Sehr verehrter Herr Präsident! Sehr verehrte Kolleginnen und Kollegen! Manchmal frage ich mich schon, Kollege Pallas und auch ein paar andere, ob unsere Anträge richtig gelesen werden. Es ging hier nicht

um die Frage, ob wir Abschiebung wollen oder nicht, wie wir dazu stehen. Es ging auch nicht um die Frage, was der Unterschied zwischen Ausreisegewahrsam und Abschiebehaft ist. Sie wissen genau, wohin das mündet, dass wir eine Abschiebehaftanstalt in Sachsen bauen wollen. Aber die rechtlichen Voraussetzungen – egal, wo sich derjenige dann aufhält – für diesen Aufenthalt liegen tatsächlich – und das ist der Sinn unseres Antrages – in der Prüfung milderer Mittel vorher. Wenn es uns um die Frage gegangen wäre, ob wir für Abschiebung sind oder nicht, wäre das hier eine ganz andere Debatte geworden. Aber darum geht es nicht.

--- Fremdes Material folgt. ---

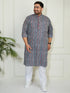 Plus Men's Indigo Blue White Cotton Kurta Pyjama Set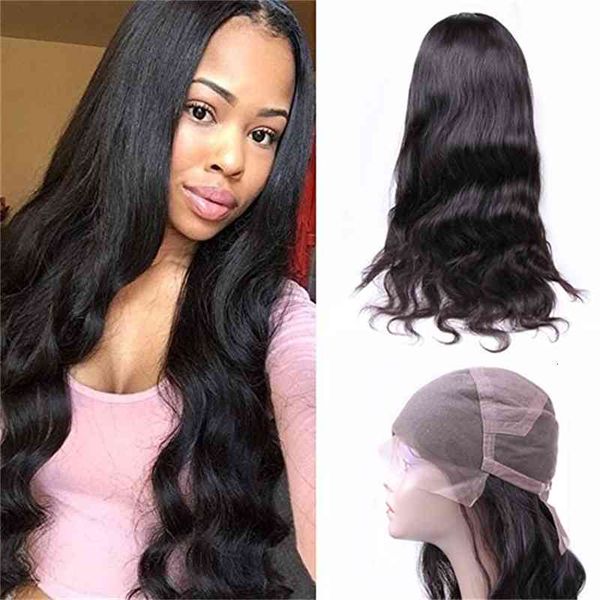 

brazilian virgin human pre plucked full body wave lace front wigs with baby hair natural color, Black;brown
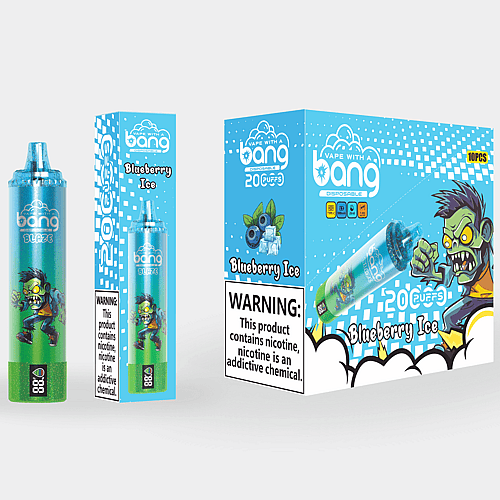 Embalaje para el vaporizador desechable Bang Blaze Blueberry Ice, que presenta un gráfico de zombie, el nombre del producto, detalles del sabor y una etiqueta de advertencia de nicotina.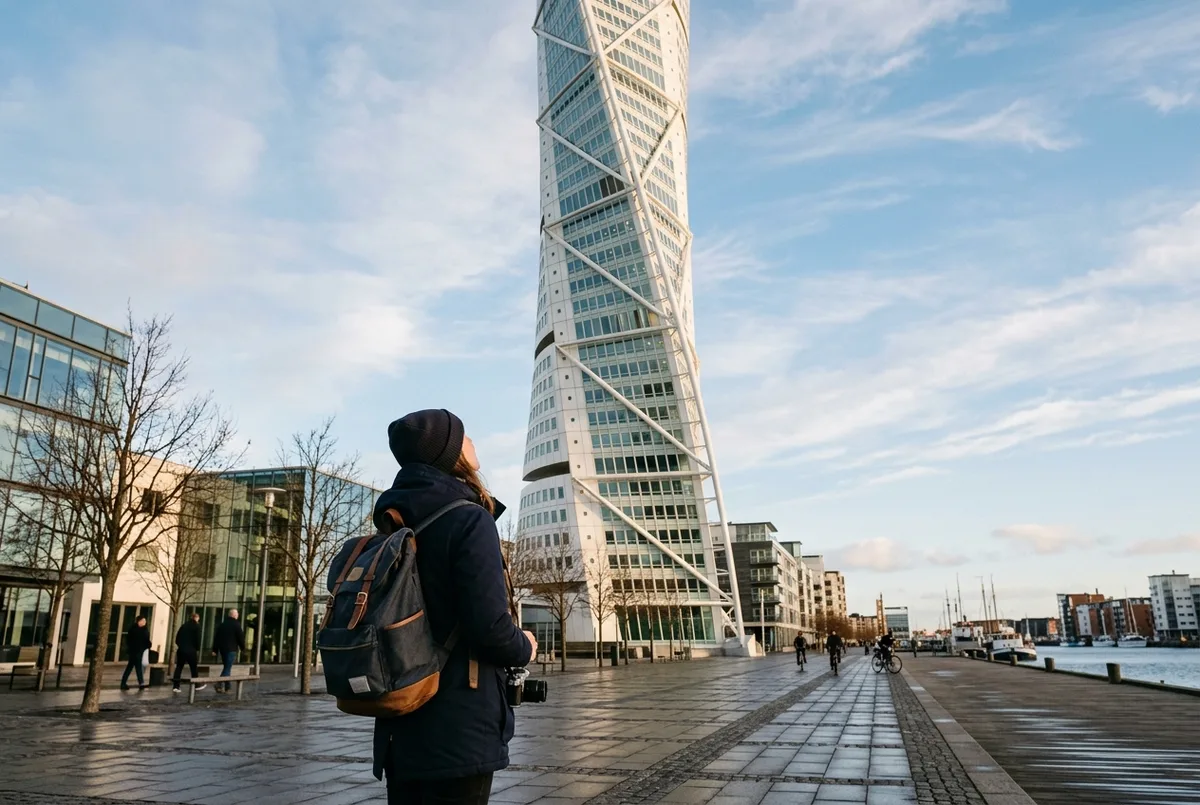 Viaggiatore che guarda in alto la torre a spirale Turning Torso sul lungomare di Malmö in un pomeriggio limpido, vale la pena visitare malmo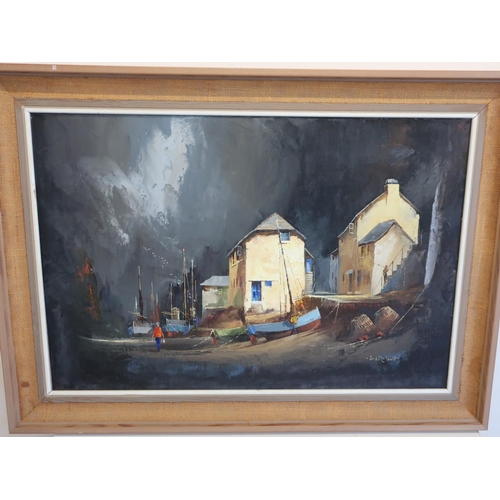 1199 - Jack R Mould (British 1925-1998): Cornish Harbour scene with figures, oil on canvas, signed, 50cm x ... 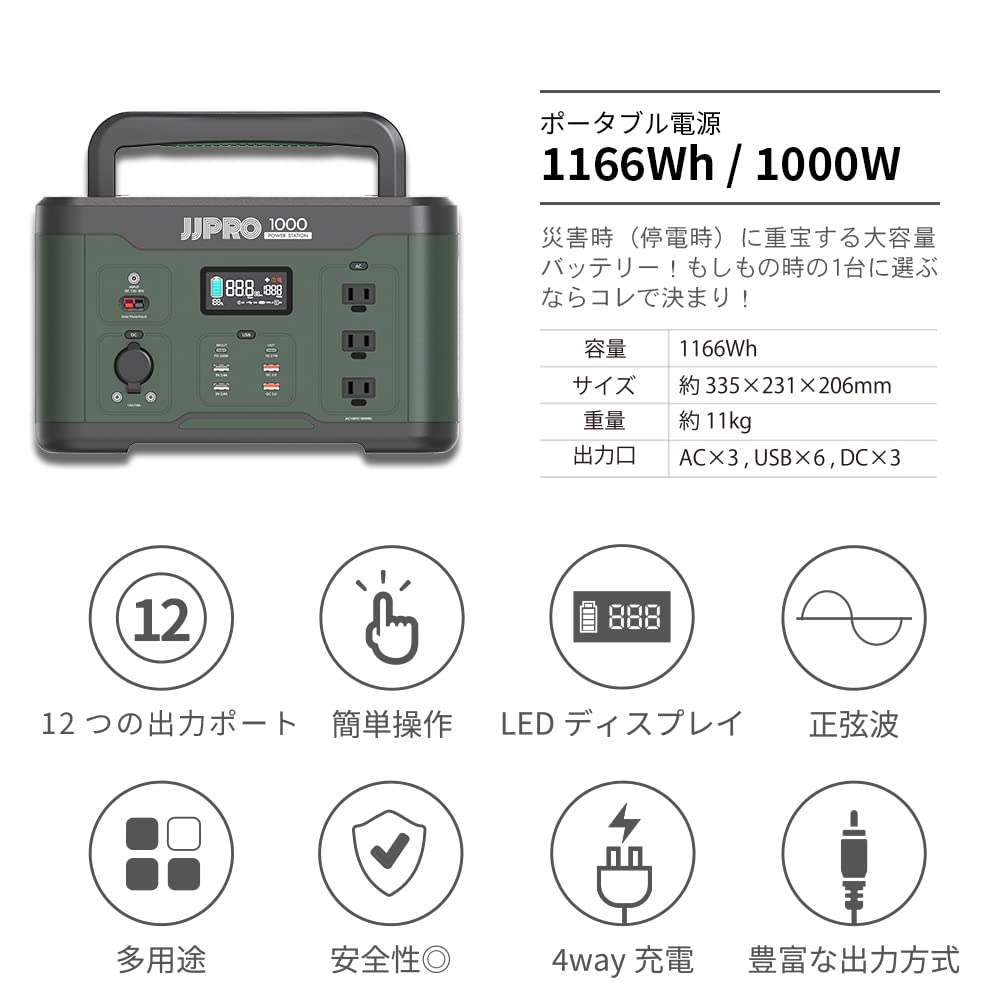 Amazon.co.jp: JJPRO ポータブル電源1000／1000W AC Power Station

Es geht um den Vollzug des Bundesrechts, wie Sie richtig gesagt haben. Ich bin Jule Nagel sehr dankbar, dass sie darauf verwiesen hat, dass wir das nicht müssen. Der Gesetzgeber schreibt Sachsen nicht vor: Ihr müsst bis übermorgen ganz schnell eure Abschiebehaft fertig haben, und die muss vom Strafvollzug separat sein, sonst dürft ihr das nicht machen. Das sind nämlich keine Häftlinge, die dort sind. Es sind einige Schwierigkeiten, die wir in Sachsen haben. Aber wir müssen das nicht machen.

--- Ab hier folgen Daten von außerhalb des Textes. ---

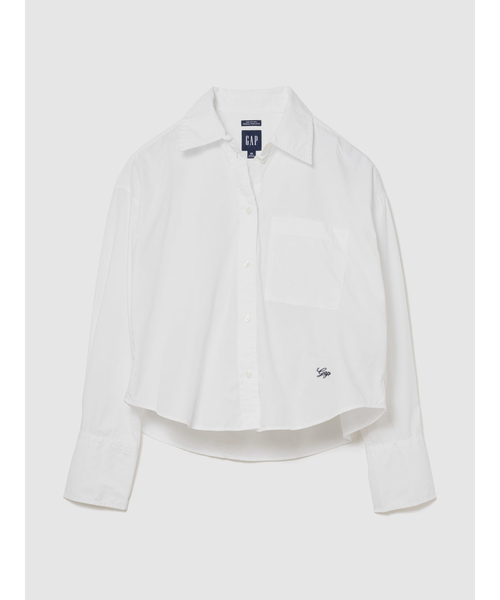 GAP(ギャップ)の「オーガニックコットン ポプリン オーバーサイズ クロップドシャツ(シャツ/ブラウス・レディース・その他/ブラウン/キャメル・XS/S/M/L/XXS)」の3枚目の写真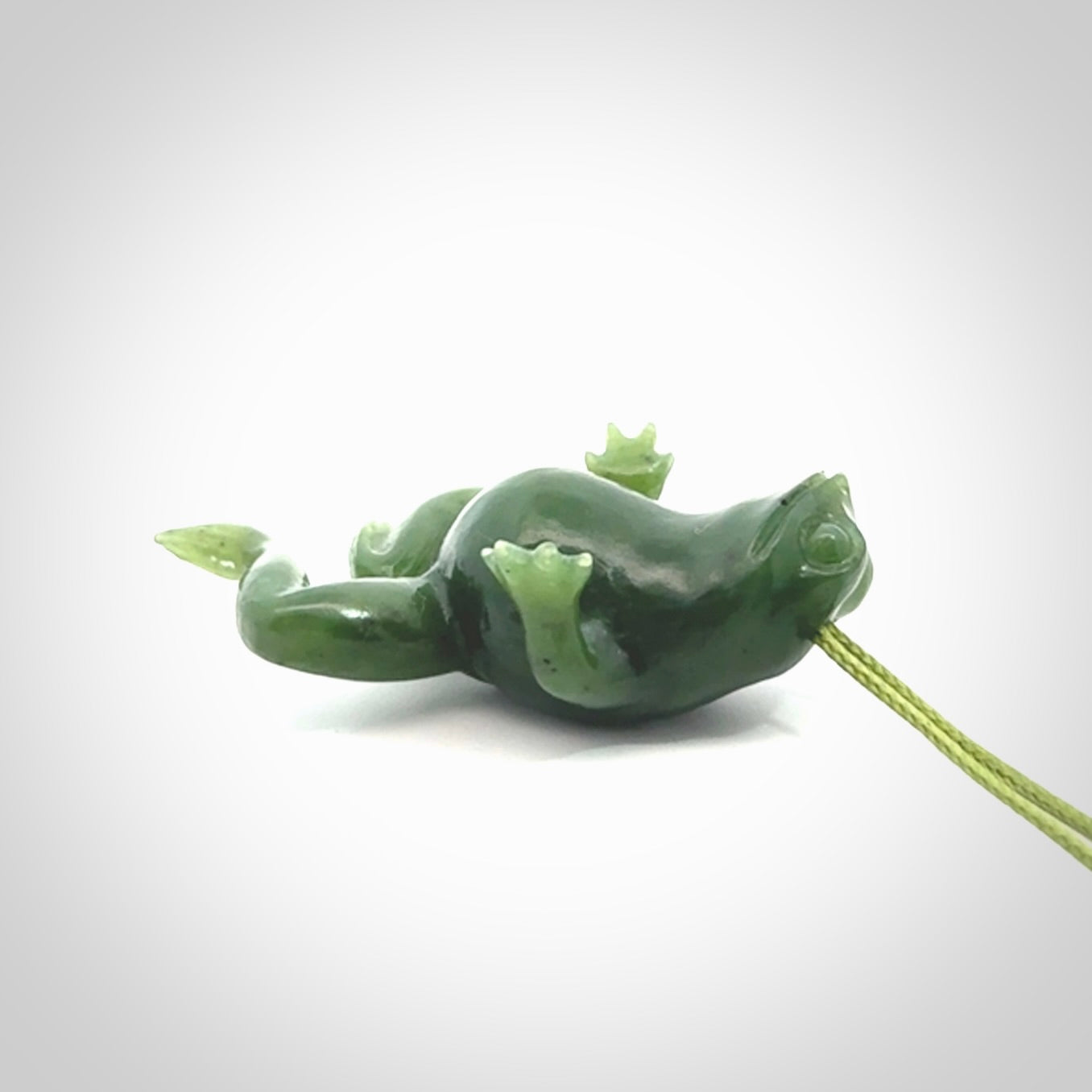 Hand carved jade frog pendant. Hand made amphibian necklace, carved from Jade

Der Ansatz unseres Antrages ist es, dem Plenum einmal vorzulegen, was die Alternativen kosten, was die Alternativen sind. Dann könnte man das einmal in das Verhältnis zu dem setzen, was eine Abschiebehafteinrichtung kostet. Ich gebe Ihnen Brief und Siegel – Herr Hartmann hat es indirekt sogar bestätigt –, dass wir im letzten Jahr de facto ungefähr 3 400 Abschiebungen hatten, die alle keine Zwangsabschiebungen waren – zumindest nach der Auffassung der Staatsregierung und der CDU. Ich sehe das an vielen Stellen ein wenig anders. Das bedeutet, dass diese Leute nicht untertauchen wollten. Ihnen, Herr Pallas, verzeihe ich diesen Touch mit dem Untertauchen überhaupt nicht. Vom Generalsekretär der CDU sind wir gewohnt, dass alle Flüchtlinge mit abgelehnten Asylanträgen per se untertauchen wollen. Aber wir brauchen das nicht, wir müssen das nicht machen. Ich glaube, es ist legitim, zu sagen: Wir möchten gern, dass die milderen Mittel geprüft werden. Ich kenne Fälle – das muss ich wirklich sagen – –

Gestatten Sie eine Zwischenfrage, Frau Zais?

Danke, Herr Präsident. Frau Zais, würden Sie mir recht geben, dass Sie mich vorhin möglicherweise missverstanden haben, wenn Sie mir jetzt unterstellen, ich hätte vorhin gesagt, dass alle abgelehnten Asylbewerber die Abschiebung verhindern wollen? Habe ich nicht vielmehr davon gesprochen, dass einige das tun, dass ich das individuell nachvollziehen kann? Würden Sie mir da recht geben?